Two approaches are currently competing in image generation: diffusion models and autoregressive models. The former gradually remove noise from a picture, while the latter assemble it piece by piece, much like a puzzle – token by token. AMD decided to double down on the second option and released Nitro-AR, a compact transformer that operates faster and is lighter than many competitors.
What Is Autoregressive Generation Explained
What Is Autoregressive Generation?
Autoregressive models function by predicting the next element of an image based on everything they have already generated. This is similar to how language models write text – word by word. However, instead of words, these models use visual tokens that encode parts of the picture.
This approach isn't new, but for a long time, it lagged behind diffusion models in quality. The situation began to change when researchers learned how to more effectively convert images into tokens and train transformers on visual data.
How AMD's Approach Differs in Image Generation
What Did AMD Do Differently?
Nitro-AR is built upon the team's previous development – the Nitro model. The new version is more compact and quicker. The primary difference lies in its architecture and training method.
The model uses an improved tokenizer that more effectively compresses an image into a sequence of tokens. This allows the transformer to work with fewer elements and spend less time on generation.
Another key point is that Nitro-AR was trained on resolutions up to 1024x1024 pixels, yet the model can generate images of even higher resolution. This makes it flexible for various tasks.
Why Speed and Size Are Crucial for Models
Speed and Size Matter
One of Nitro-AR's strong suits is its compactness. The model occupies less memory than many diffusion counterparts and operates faster during the generation stage. This is crucial for practical applications, especially when there's a need to deploy the model on limited hardware or generate many images in a short amount of time.

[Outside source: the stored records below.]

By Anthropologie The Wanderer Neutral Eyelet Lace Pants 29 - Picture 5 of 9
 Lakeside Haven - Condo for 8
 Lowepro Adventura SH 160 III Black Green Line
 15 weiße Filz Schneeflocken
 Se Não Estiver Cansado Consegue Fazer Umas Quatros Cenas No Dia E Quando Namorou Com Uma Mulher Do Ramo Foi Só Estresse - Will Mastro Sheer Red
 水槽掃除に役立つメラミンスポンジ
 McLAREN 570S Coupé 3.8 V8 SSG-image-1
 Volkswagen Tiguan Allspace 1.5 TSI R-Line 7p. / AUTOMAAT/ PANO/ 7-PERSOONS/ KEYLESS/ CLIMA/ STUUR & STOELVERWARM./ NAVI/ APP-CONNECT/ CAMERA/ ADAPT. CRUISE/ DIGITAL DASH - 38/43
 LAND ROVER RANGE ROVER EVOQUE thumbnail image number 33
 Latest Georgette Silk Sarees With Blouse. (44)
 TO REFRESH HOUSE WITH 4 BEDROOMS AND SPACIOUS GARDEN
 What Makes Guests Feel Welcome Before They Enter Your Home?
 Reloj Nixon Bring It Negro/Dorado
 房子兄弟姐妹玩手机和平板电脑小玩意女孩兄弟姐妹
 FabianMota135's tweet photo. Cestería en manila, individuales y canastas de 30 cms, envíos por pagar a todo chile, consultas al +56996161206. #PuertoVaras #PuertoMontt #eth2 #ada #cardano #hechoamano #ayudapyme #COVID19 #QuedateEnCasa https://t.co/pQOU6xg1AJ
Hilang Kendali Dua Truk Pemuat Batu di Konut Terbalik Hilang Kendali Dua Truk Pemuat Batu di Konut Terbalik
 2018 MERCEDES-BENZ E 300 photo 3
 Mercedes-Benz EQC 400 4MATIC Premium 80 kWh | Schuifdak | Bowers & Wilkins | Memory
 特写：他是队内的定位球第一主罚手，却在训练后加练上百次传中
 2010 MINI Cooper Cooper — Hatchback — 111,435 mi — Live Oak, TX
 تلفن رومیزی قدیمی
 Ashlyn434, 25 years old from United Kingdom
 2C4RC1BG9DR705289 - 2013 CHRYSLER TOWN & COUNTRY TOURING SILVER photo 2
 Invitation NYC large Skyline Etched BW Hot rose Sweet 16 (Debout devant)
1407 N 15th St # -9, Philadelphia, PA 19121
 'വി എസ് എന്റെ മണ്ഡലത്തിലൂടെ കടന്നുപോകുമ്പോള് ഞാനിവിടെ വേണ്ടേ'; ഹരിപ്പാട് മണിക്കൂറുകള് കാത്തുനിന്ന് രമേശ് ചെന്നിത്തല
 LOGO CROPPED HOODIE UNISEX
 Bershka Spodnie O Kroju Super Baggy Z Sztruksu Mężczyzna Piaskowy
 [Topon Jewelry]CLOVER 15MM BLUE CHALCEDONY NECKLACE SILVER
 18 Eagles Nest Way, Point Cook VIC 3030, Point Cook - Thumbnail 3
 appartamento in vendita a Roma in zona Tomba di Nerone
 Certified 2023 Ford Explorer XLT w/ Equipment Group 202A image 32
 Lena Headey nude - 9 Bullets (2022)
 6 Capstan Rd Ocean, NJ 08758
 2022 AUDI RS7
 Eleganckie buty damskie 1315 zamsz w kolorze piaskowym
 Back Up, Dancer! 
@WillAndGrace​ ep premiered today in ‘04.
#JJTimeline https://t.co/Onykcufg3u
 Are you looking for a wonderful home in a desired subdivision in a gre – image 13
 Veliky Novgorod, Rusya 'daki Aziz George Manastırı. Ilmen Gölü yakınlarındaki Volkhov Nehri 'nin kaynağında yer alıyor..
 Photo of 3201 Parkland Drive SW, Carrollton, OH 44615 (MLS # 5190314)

AMD notes that Nitro-AR shows competitive quality with lower computational costs. Simply put, you get a similar result, but faster and with fewer resource requirements.
Applications for Compact Autoregressive Models
Where This Can Be Useful
Compact autoregressive models are suitable for scenarios where speed is paramount: real-time content generation, embedding into applications, and running on devices with limited memory. Another advantage of the autoregressive approach is that it is easier to scale and combine with other tasks, such as text generation.
However, there are limitations. Autoregressive models are harder to train, they are sensitive to errors at early stages of generation, and it is more challenging to control the creation process on the fly – unlike diffusion models, where you can intervene at different steps.
Future of Autoregressive Image Generation Models
What's Next?
Nitro-AR represents another step in the development of autoregressive generation. While this approach hasn't yet supplanted diffusion models, it is becoming increasingly competitive. Perhaps in the future, we will see hybrid architectures that combine the strengths of both methods.
For now, AMD is demonstrating that autoregressive generation can be not only high-quality but also practical – fast and lightweight.